_What you need to do_.
Your job here is to restate every record exactly, pictures excluded.

_Data to use_.
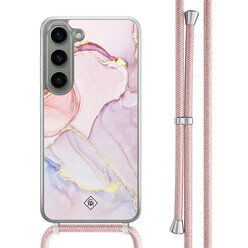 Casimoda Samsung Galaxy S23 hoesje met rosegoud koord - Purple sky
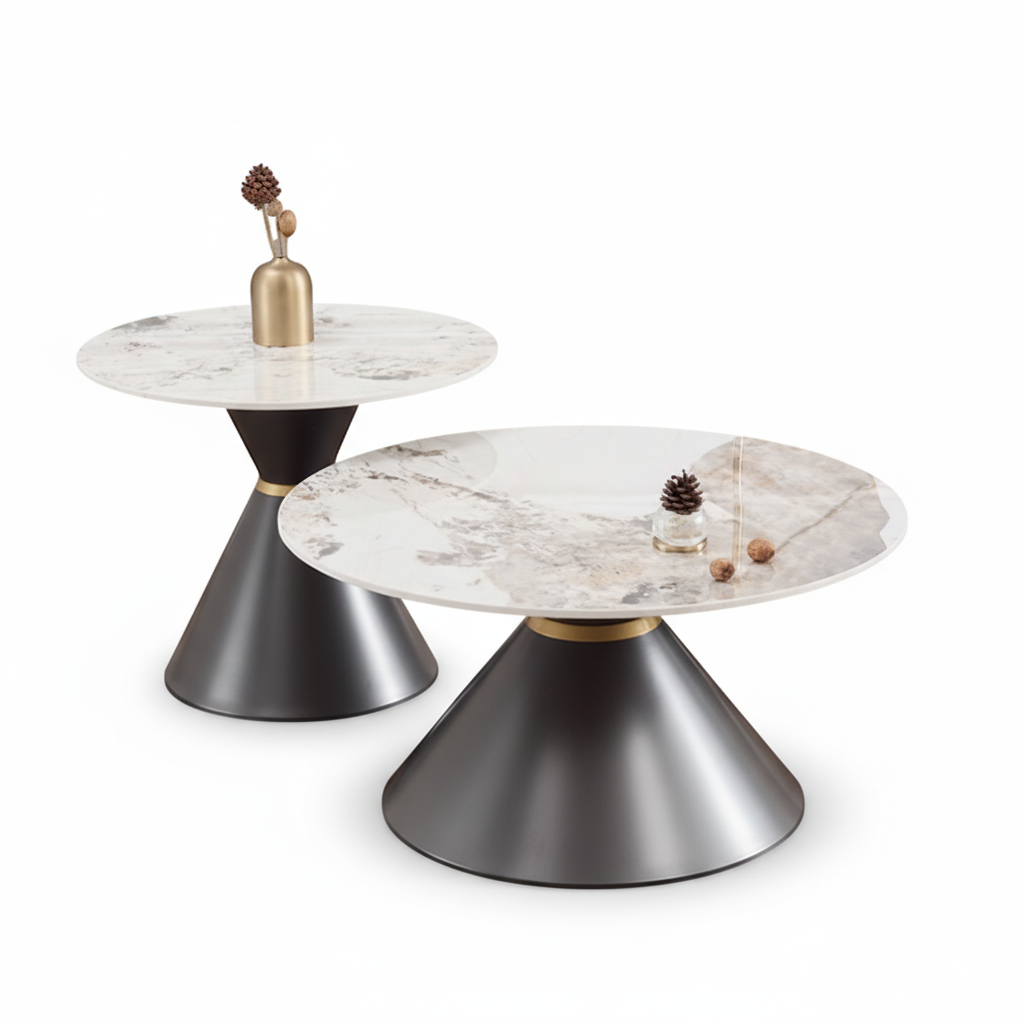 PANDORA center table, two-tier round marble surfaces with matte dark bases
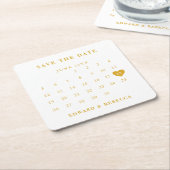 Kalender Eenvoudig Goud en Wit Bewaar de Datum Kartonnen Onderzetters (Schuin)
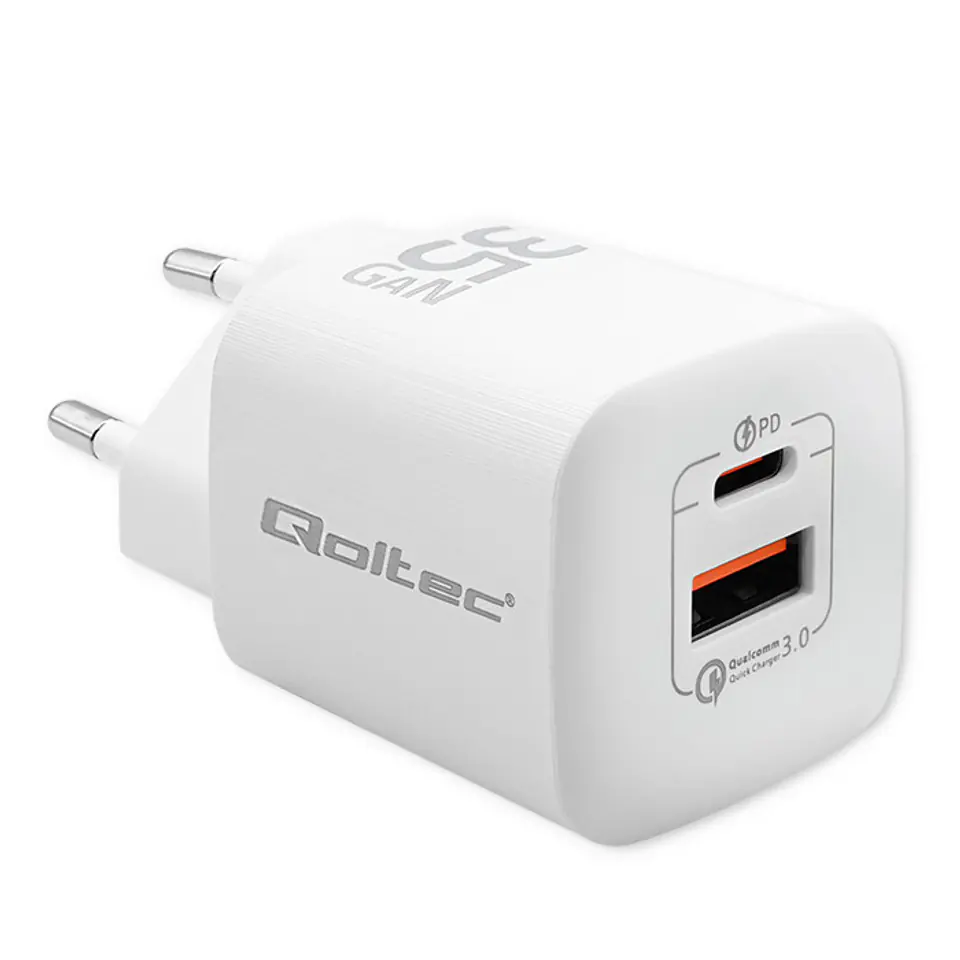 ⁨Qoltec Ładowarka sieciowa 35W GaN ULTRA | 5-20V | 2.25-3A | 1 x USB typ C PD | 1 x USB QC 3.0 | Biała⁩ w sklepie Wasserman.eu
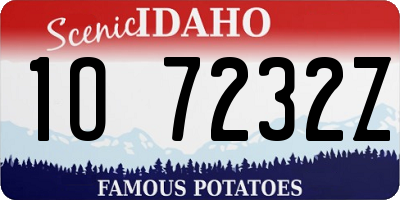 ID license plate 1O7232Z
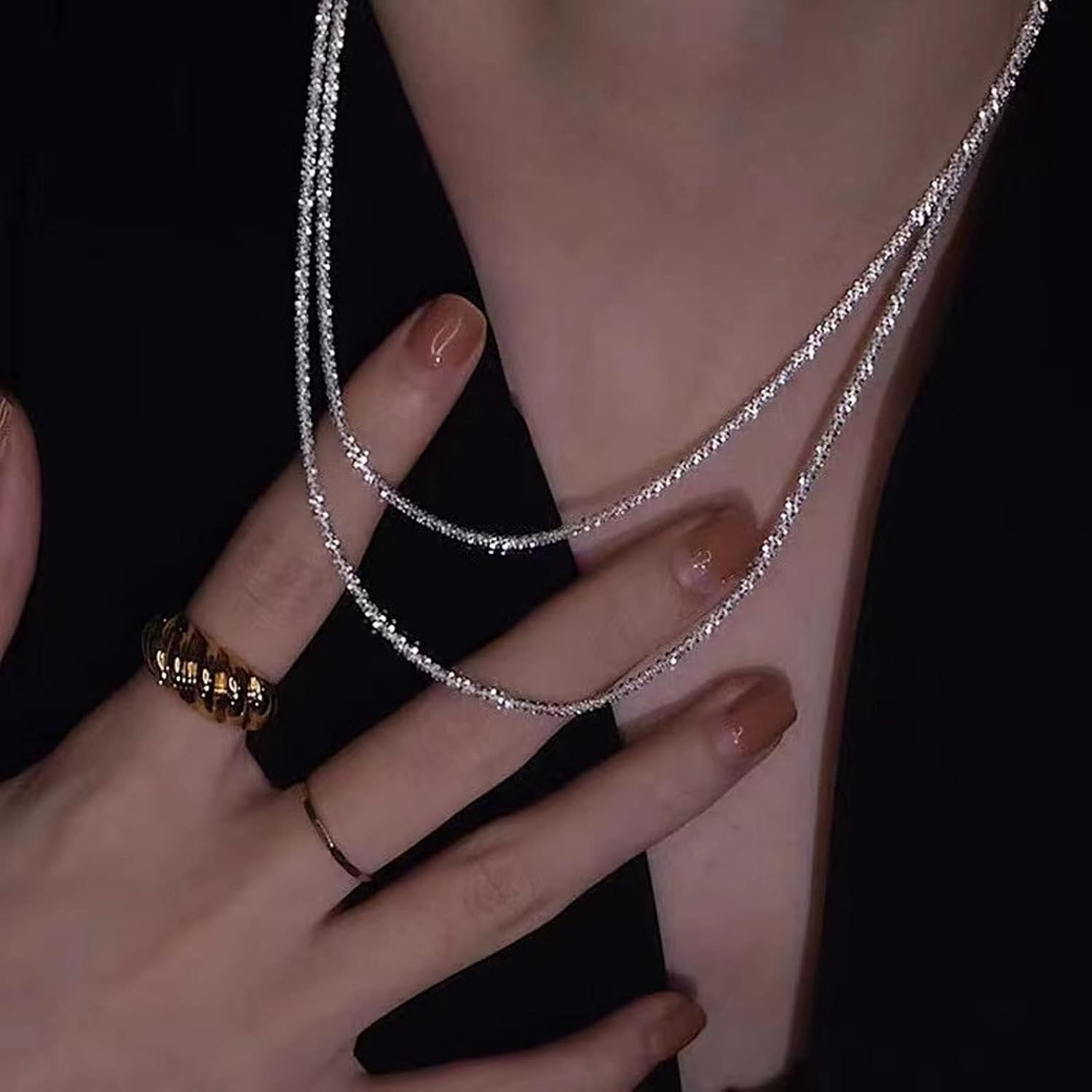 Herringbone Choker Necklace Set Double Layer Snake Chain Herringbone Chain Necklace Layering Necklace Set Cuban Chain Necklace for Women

_Result below_.
 Casimoda Samsung Galaxy S23 hoesje met rosegoud koord - Purple sky
 PANDORA center table, two-tier round marble surfaces with matte dark bases
 Kalender Eenvoudig Goud en Wit Bewaar de Datum Kartonnen Onderzetters (Schuin)
 ⁨Qoltec Ładowarka sieciowa 35W GaN ULTRA | 5-20V | 2.25-3A | 1 x USB typ C PD | 1 x USB QC 3.0 | Biała⁩ w sklepie Wasserman.eu
 ID license plate 1O7232Z
 Herringbone Choker Necklace Set Double Layer Snake Chain Herringbone Chain Necklace Layering Necklace Set Cuban Chain Necklace for Women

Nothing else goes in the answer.